Следующие несколько недель прошли размеренно и однообразно. Вернувшись домой – Эндрю работал в аптеке на центральной улице, – он готовил пасту с томатным соусом или картофельное пюре с колбасой, а Сэлли курила «травку» и смотрела мультики. Глядя, как она всасывает спагетти и слизывает текущий по подбородку соус, Эндрю снова и снова спрашивал себя, кем же она выросла. Скорая на расправу задира и хиппи уживались в ней, как Джекил и Хайд. Сколько она продержится, прежде чем снова уйдет? Ждать долго не пришлось, но на этот раз смыться незамеченной у нее не получилось.
– Только, пожалуйста, не говори, что собираешься искать Спайка, – сказал Эндрю, дрожа у двери от утреннего ветерка.
Сэлли грустно улыбнулась и покачала головой.
– Нет. Мой приятель, Бинси, нашел мне работу. По крайней мере, он так думает. Это около Манчестера.
– Хорошо.
– Мне нужно становиться на ноги. Пора взрослеть. Здесь у меня ничего не получается. Слишком все мрачно. Сначала папа, потом мама. Я собиралась зайти посмотреть на тебя. Попрощаться. Но не хотела будить.

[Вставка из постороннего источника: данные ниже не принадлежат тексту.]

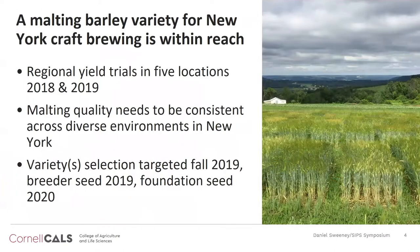On the applied side of things, we've taken the better lines from this genomic prediction training population, used them to initiate a recurrent genomic selection project that's ongoing, and also entered them into regional yield trials last year and this year. We don't have a good understanding of the genotype by environment interaction for malting quality in New York, which is important because to make consistently good craft beer, you have to have consistently good grain. We're hoping that this data set of two years and five locations each will enable us to pick apart the G×E interactions. We're also hopeful that we'll be able to select a variety out of these trials after the growing season this summer, with Foundation Seed in 2020 and potential release to farmers in 2021.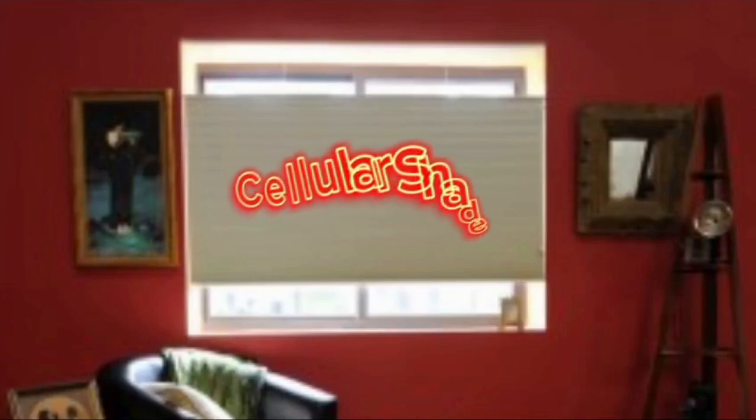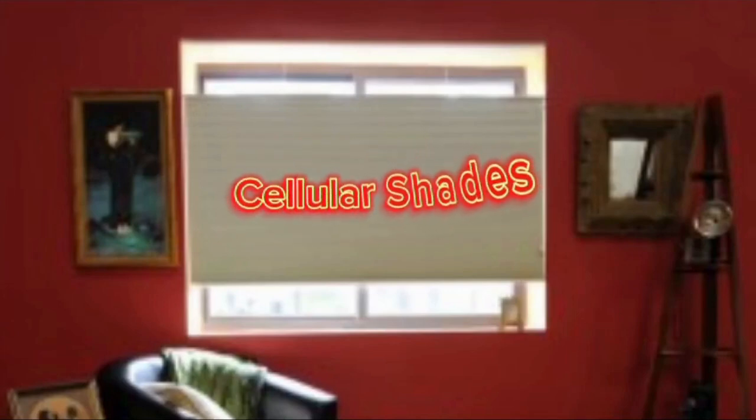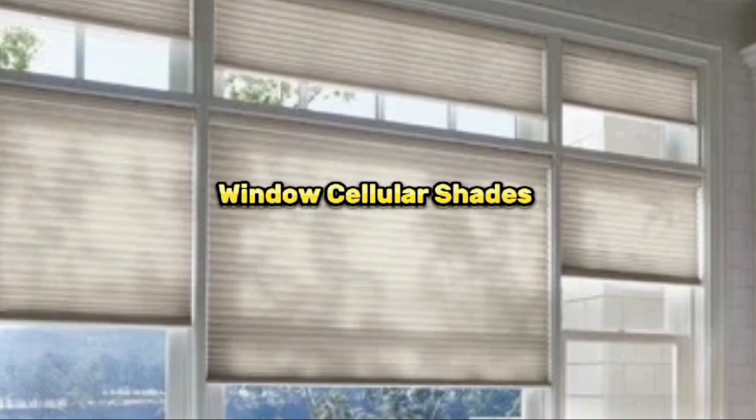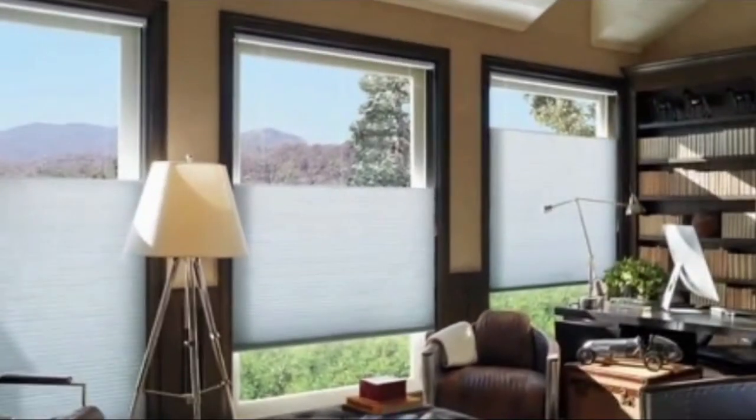Cellular shades, also known as honeycomb shades, are a popular and versatile window treatment option for both residential and commercial spaces. These shades are characterized by their unique construction, which consists of a series of cells or pockets that resemble the cells in a beehive. These cells are designed to trap air, creating a layer of insulation that helps to regulate the temperature in a room.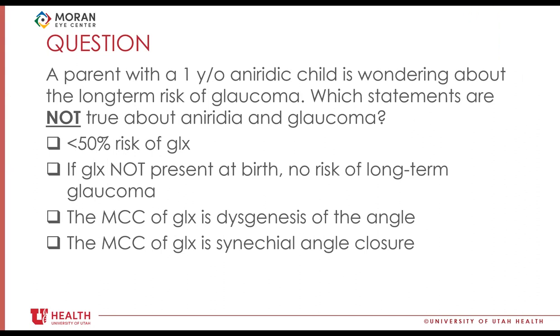To summarize: early-onset glaucoma is usually angle dysgenesis, so angle surgery is the first approach. Later onset is more synechial. For primary glaucoma in children after ruling out trauma and steroids, angle dysgenesis is the diagnosis and we attempt angle surgery first.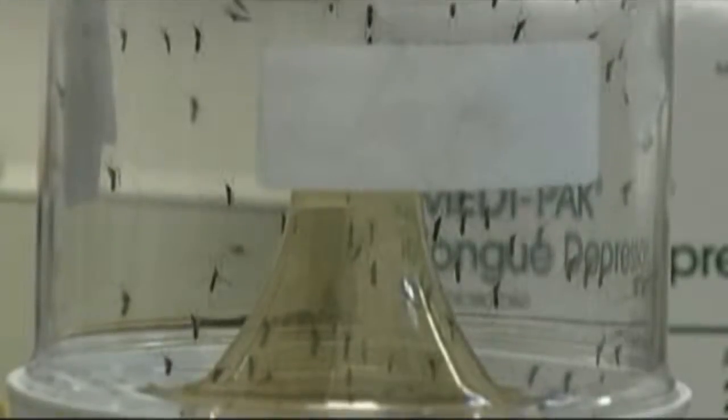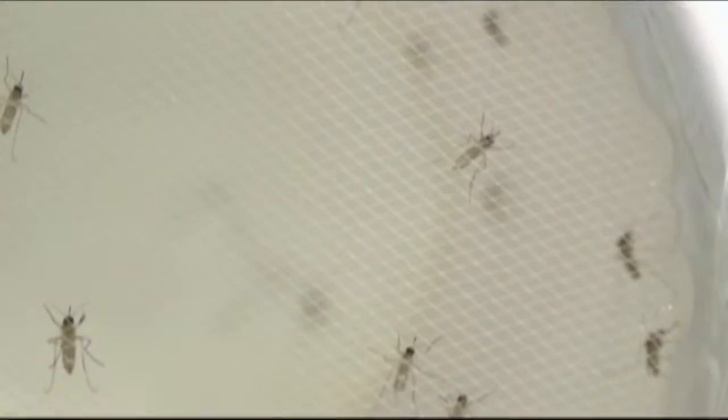Unlike a trap used to catch mosquitoes that carry the West Nile virus, these new traps are not filled with water, because mosquitoes that carry the Zika virus are attracted to humans. So it releases carbon dioxide in the air, which attracts them and sucks them into the trap.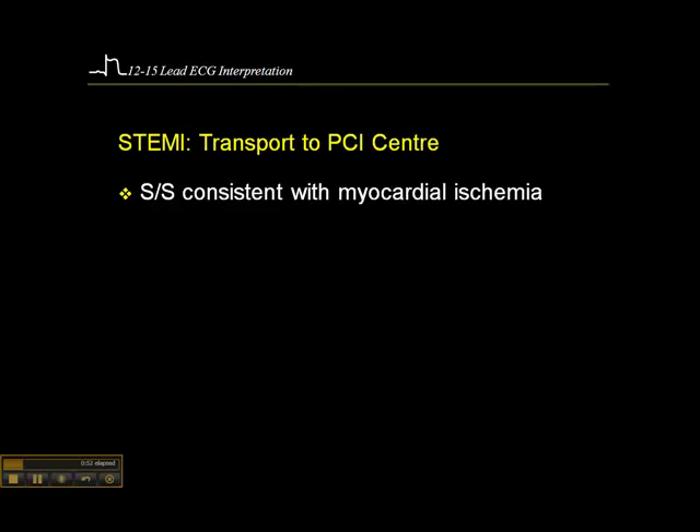Here are some of the standard, fairly common criteria for transport to a PCI center. The patient must have signs and symptoms consistent with myocardial ischemia or myocardial infarct. This is important because if you get patients with ST changes consistent with MI but they don't have symptoms or are completely asymptomatic, we may be dealing with early repolarization. We'll talk about that later.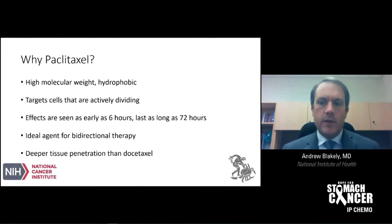Why does paclitaxel work this effectively? It has a high molecular weight — it's a bulkier molecule and therefore less likely to be taken up by the bloodstream and exposed to other parts of the body. It's also hydrophobic, which helps keep that from happening as well. Paclitaxel targets cells that are actively dividing, with effects seen as early as six hours after being given and lasting as long as 72 hours. It's an ideal agent for bidirectional therapy. When compared to another taxane, docetaxel — known as Taxotere, which is a component of FLOT chemotherapy — paclitaxel has deeper tissue penetration.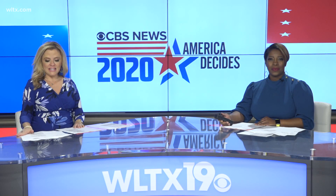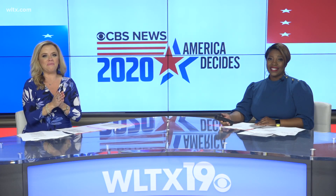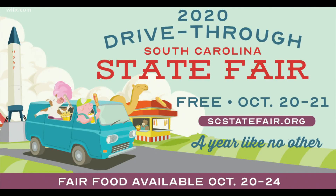Now let's talk about the state fair. As many of you know, things are going to be different this year, and that's okay. There's going to be a redesigned drive-thru fair to help limit the spread of the coronavirus.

– Угу. – Эндрю отвернулся, почесал в затылке, а когда снова посмотрел на сестру, то увидел, что и она делает то же самое. Зеркальное отражение неловкости. Оба улыбнулись. – Ладно. Дай знать, когда определишься.

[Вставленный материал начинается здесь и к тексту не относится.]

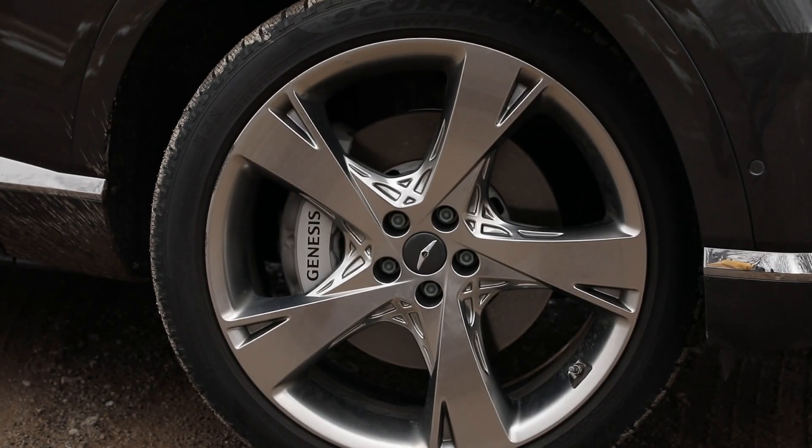The 2024 Genesis GV80 starts at $76,000 for the very well-equipped four-cylinder. This top-tier Prestige comes in at $90,500, which in the grand scheme of things is an absolute bargain. Should Mercedes, BMW, and Audi be squirming in their lederhosen? Well, maybe not quite yet. But Genesis is playing the long game here, and as long as they keep building cars that are this good, I think eventually they will break through that glass ceiling and become an established luxury player.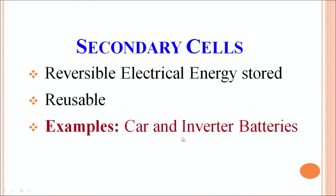We all know you can charge them again. So what have we learnt in this section? What is electromotive force? What are the two types of chemical cells — primary and secondary cells? What are the characteristics of these cells and what are the examples of these cells? Thank you.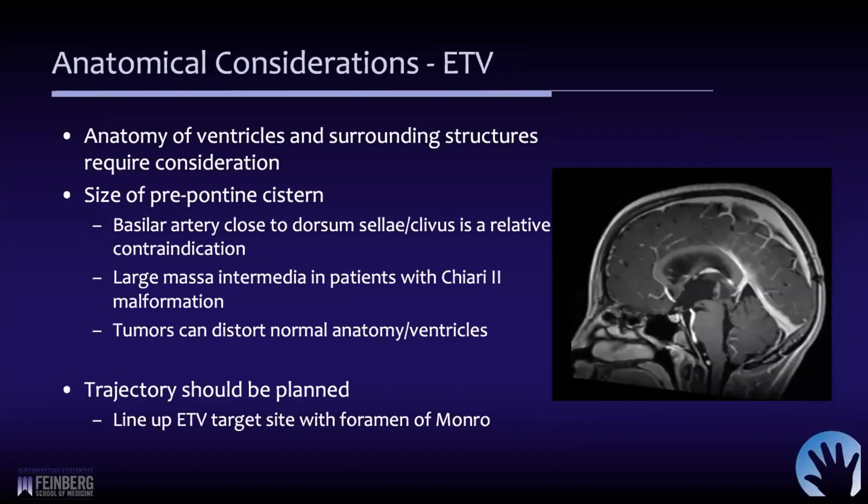There are many anatomical considerations to pay attention to — both the ventricles themselves and the surrounding structures. In a 10-year-old girl with a large thalamic tumor causing aqueductal obstruction, important things to assess before surgery include: where is the basilar artery, and is there enough space to safely perform a third ventriculostomy? The target is the tuber cinereum. If the basilar artery is very close to or in contact with the dorsum or clivus, that may be a relative contraindication.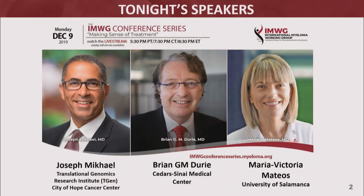I'm very pleased to welcome my guests for this conference series. To my left, Mary V. Mateos from the University of Salamanca in Spain. And Dr. Joe McHale from Translational Genomics in Phoenix, Arizona, who is also the Chief Medical Officer for the International Myeloma Foundation.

– Хорошо. – Сэлли шагнула к двери, но остановилась и обернулась. – Знаешь, я горжусь тобой. Правда.
Прозвучало это так, словно она заранее отрепетировала прощальную фразу. Может, все-таки надеялась его разбудить? Эндрю так и не понял, что почувствовал в этот момент.
– Позвоню, как только устроюсь. Обещаю.
И конечно, слово не сдержала.
Сэлли позвонила лишь через несколько месяцев. К тому времени Эндрю уже учился в Бристольском политехническом, и между ними, казалось, пролегла непреодолимая пропасть.
Тем не менее Рождество они провели вместе. Эндрю спал на диване в тесной квартирке, которую Сэлли снимала с Бинси (по-настоящему его звали Тристан). Они пили домашнее пиво Бинси, оказавшееся таким крепким, что в какой-то момент Эндрю даже ненадолго ослеп. По крайней мере, так ему показалось. Сэлли встречалась с каким-то Карлом, жилистым, медлительным парнем, помешавшимся на воркауте и последующем восстановлении. Он постоянно что-то ел: то бананы – гроздьями, то курицу – здоровенными кусками, а потом сидел в трениках и облизывал жирные пальцы, как какой-нибудь закованный в «адидас» Генрих VIII. В конце концов Сэлли съехалась с Карлом, и вот тогда они с Эндрю перестали видеться совсем. Потом заработала система регулярных звонков – никто ни о чем не договаривался, просто так все сложилось. Раз в три месяца все последние двадцать лет. Звонила всегда Сэлли. Поначалу иногда говорили о матери – по прошествии времени некоторые ее странности представали в розовом свете. Но время шло, воспоминания превращались в натужные попытки поддержать слабеющую от раза к разу связь. В последние месяцы разговоры давались с трудом, требовали усилий, и иногда Эндрю недоумевал, почему Сэлли вообще берет на себя труд звонить ему. И вместе с тем случались моменты – часто в тишине, нарушаемой лишь шорохом их дыхания, – когда Эндрю ощущал эту неоспоримую связь.
Оглушенный известием, Эндрю вышел из офиса, отказавшись от предложений Кэмерона и Пегги проводить его домой. Ему нужно было побыть на свежем воздухе, одному. Собравшись с силами, он достал телефон и набрал номер Карла. Но ответил не муж Сэлли, теперь вдовец, а женщина, представившаяся «Рэйчел, лучшая подруга Карла». Довольно странная характеристика для взрослого человека, тем более в данных обстоятельствах.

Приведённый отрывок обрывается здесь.